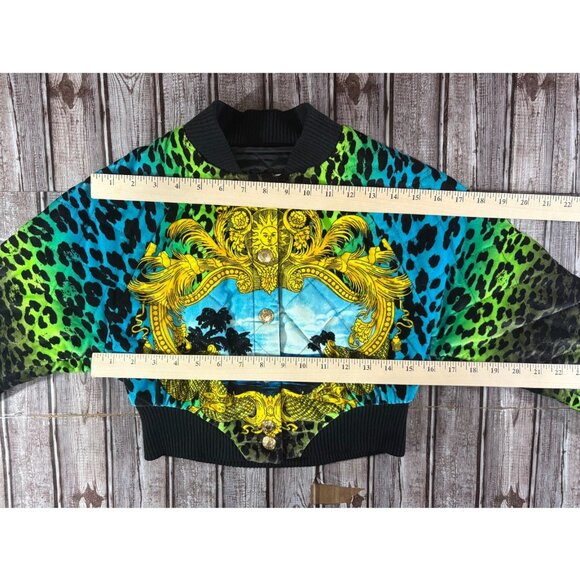 Versace for H&M Runway Leopard Print Quilted Bomber Jacket size 2 NWT brand new - Picture 10 of 12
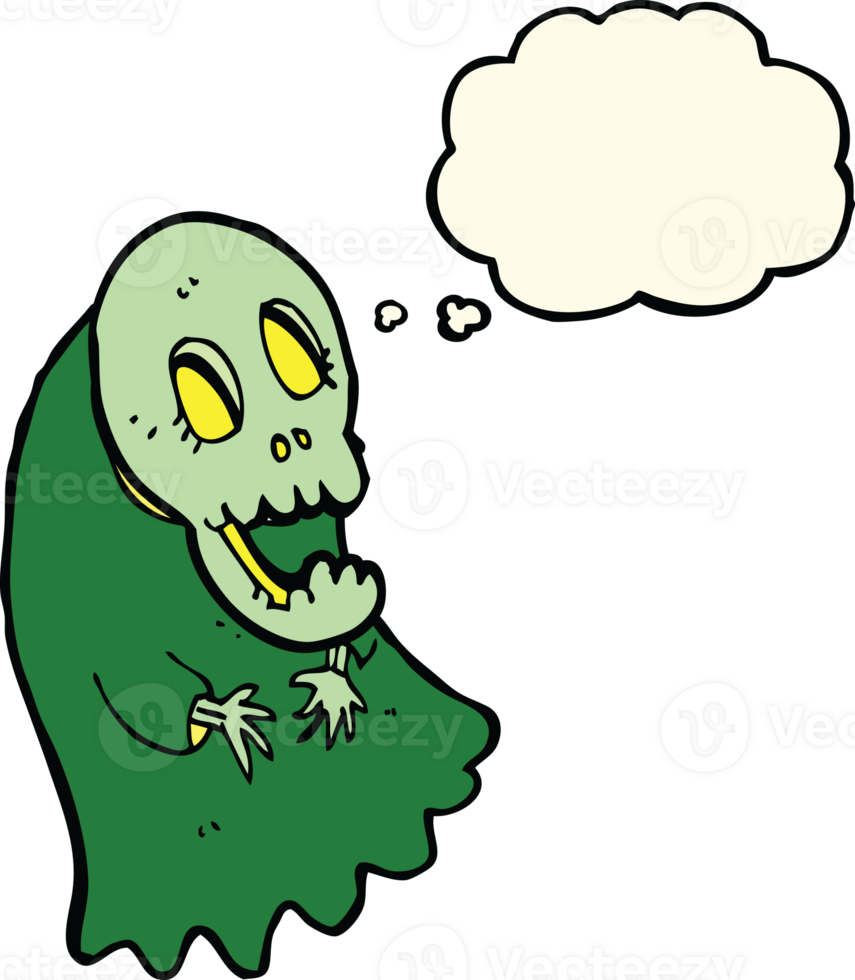 cartoon spooky ghoul with thought bubble png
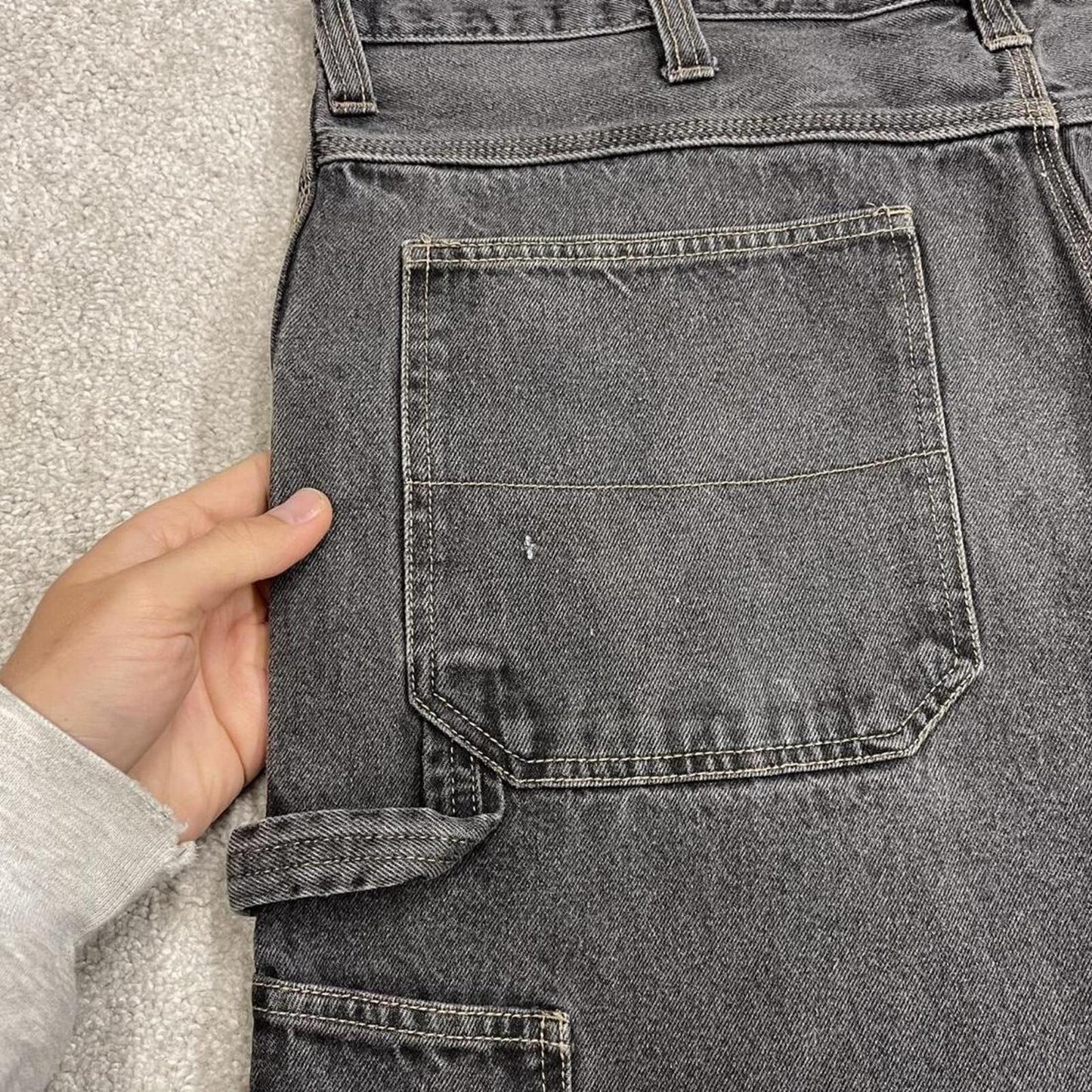 Baggy denim shorts carpenter grey Faded Glory skater style summer festival cargo jorts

###

• **Exercise requirements**
All of the data above needs to be given again exactly. Leave out each image.

• **Reply to the exercise**
 Versace for H&M Runway Leopard Print Quilted Bomber Jacket size 2 NWT brand new - Picture 10 of 12
 cartoon spooky ghoul with thought bubble png
 Baggy denim shorts carpenter grey Faded Glory skater style summer festival cargo jorts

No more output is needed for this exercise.